▶ _BRIEF_:
Each line below must be reproduced exactly as it stands. Pictures stay out of the copy.

▶ _DATA PROVIDED_:
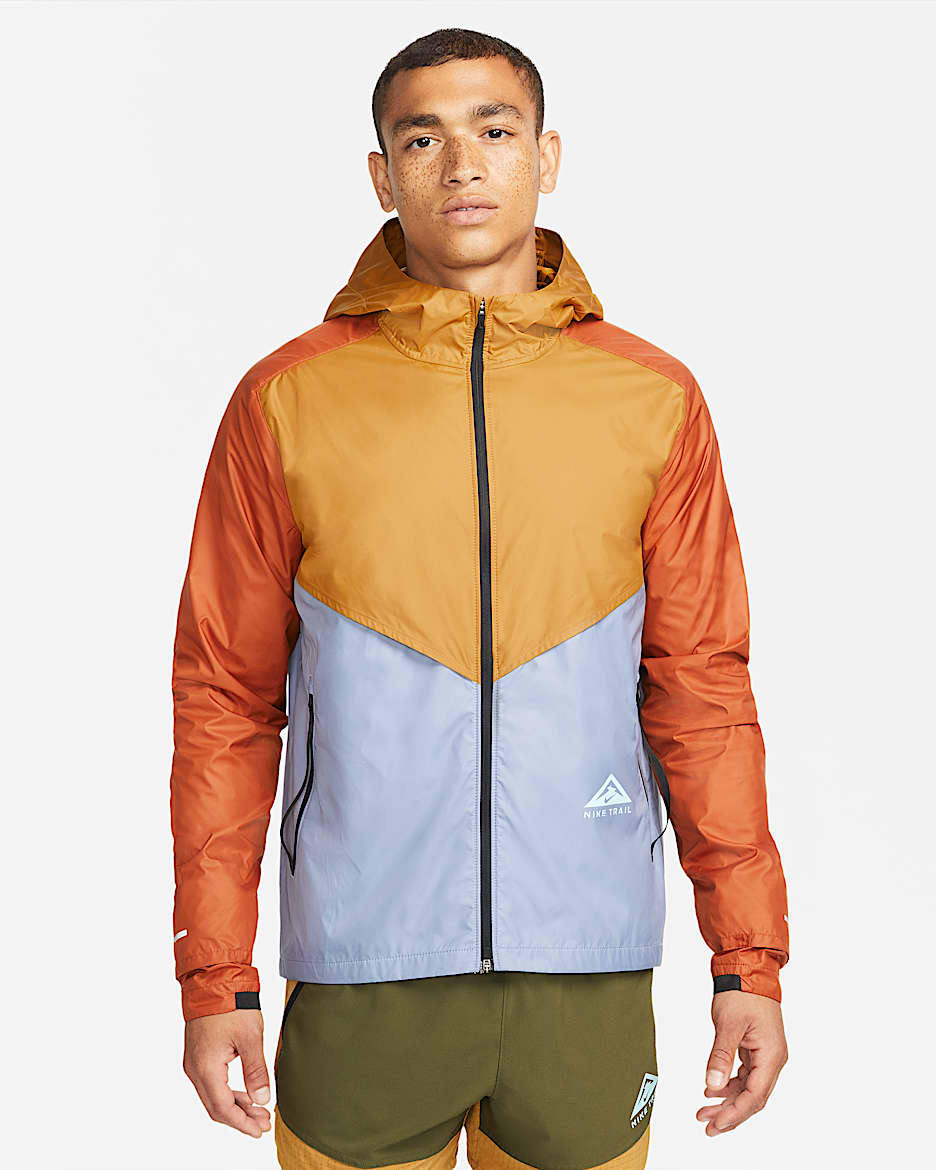 Nike Windrunner 男子越野跑步夹克 - 麦黄/灰石板蓝/暗赤褐/粉蓝
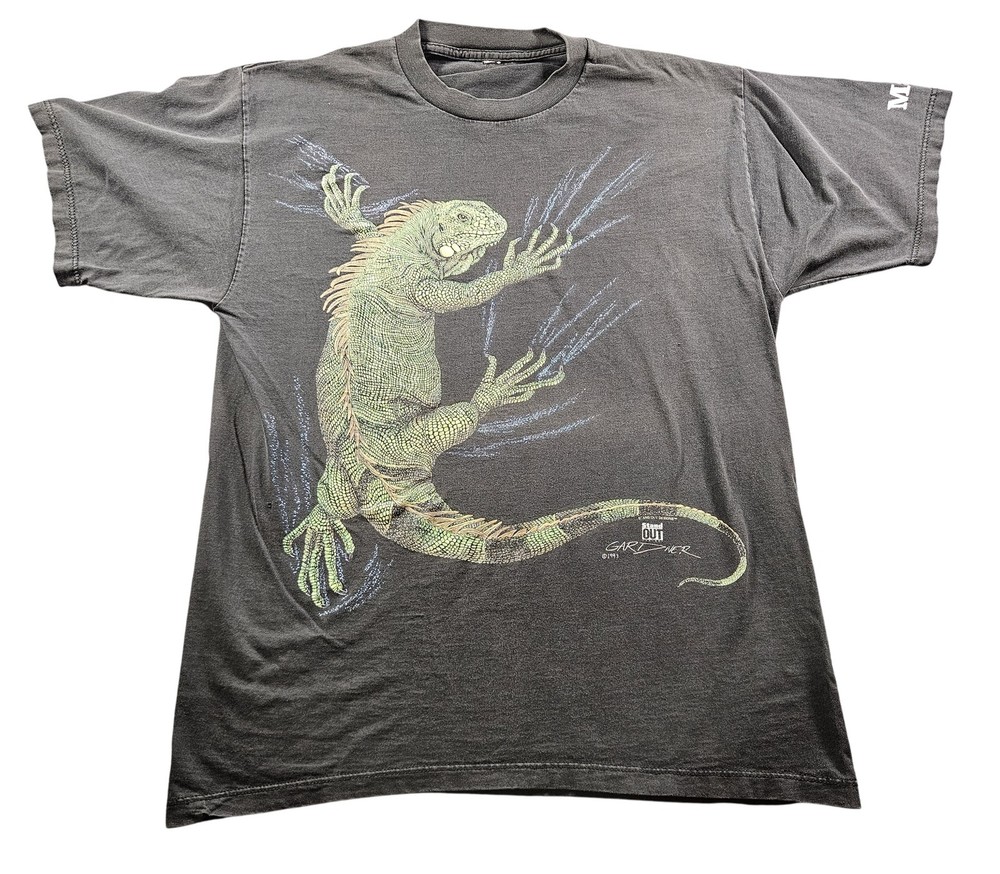 Vintage Stand Out Designs Iguana Shirt Mens Large Black Gardiner Graphic Tee 90s
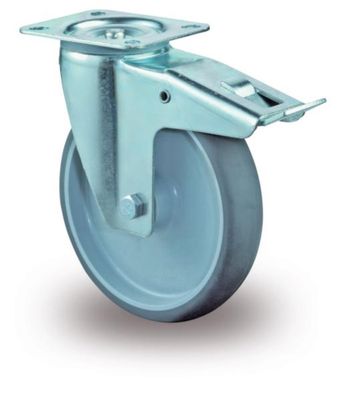 Zwenkwiel met rem 160mm rubber totale hoogte 195mm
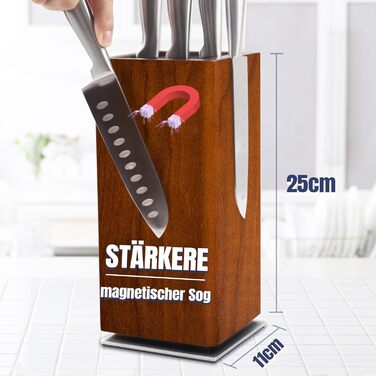 360 обертовий ящик для ножів магнітний без ножа магнітний тримач для ножів з благородної деревини акації, магнітна дошка для ножів і посуду для кухонного столу надвеликої місткості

▶ _RESPONSE FOR THIS EXERCISE_:
 Nike Windrunner 男子越野跑步夹克 - 麦黄/灰石板蓝/暗赤褐/粉蓝
 Vintage Stand Out Designs Iguana Shirt Mens Large Black Gardiner Graphic Tee 90s
 Zwenkwiel met rem 160mm rubber totale hoogte 195mm
 360 обертовий ящик для ножів магнітний без ножа магнітний тримач для ножів з благородної деревини акації, магнітна дошка для ножів і посуду для кухонного столу надвеликої місткості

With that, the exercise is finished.